Уинстон открыл лицо. Парсонс обильно и с шумом воспользовался сортиром. Однако крышка оказалась с дефектом, и в камере на несколько часов воцарилась отвратительная вонь.
Парсонса убрали. Поступали и таинственным образом исчезали новые арестанты. Одна из них, женщина, была сразу определена в «комнату 101», и Уинстон заметил, как изменилось ее лицо, как она побледнела. Время шло, и если его поместили в эту камеру утром, то день должен был уже кончаться; если же это произошло днем, то было уже недалеко до полуночи. В камере оставалось шесть человек; все они вели себя очень тихо. Напротив Уинстона сидел мужчина, чье лицо с крупными зубами и практически без подбородка очень напоминало морду какого-то большого и безвредного грызуна. Его жирные, покрытые пятнами щеки заметно набухали книзу, так что нетрудно было поверить в то, что там он прячет кое-какой запас съестного. Робкий взгляд его бледно-серых глаз метался от лица к лицу; поймав ответный взгляд, он тут же отводил глаза.
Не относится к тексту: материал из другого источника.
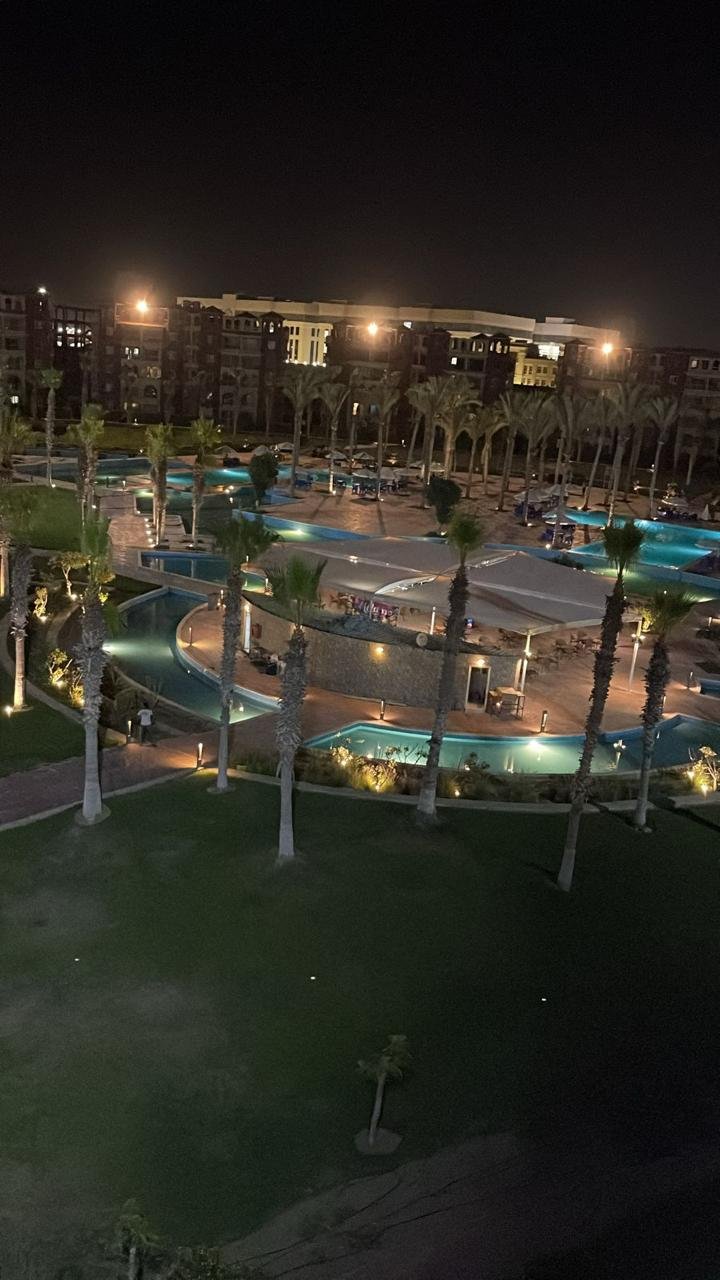 بنتهاوس فيو حمام سباحة للإيجار في فيستا مارينا الساحل الشمالي | 150 م²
Дверь снова открылась, и ввели нового узника, от вида которого Уинстона на мгновение бросило в дрожь. Вроде бы обычный, ничем не выделяющийся инженер или какого-то рода техник. Пугало изможденное до предела лицо его, скорее напоминавшее череп. Благодаря худобе его глаза казались непропорционально большими; их наполняла убийственная и неумолимая ненависть к кому-то или к чему-то.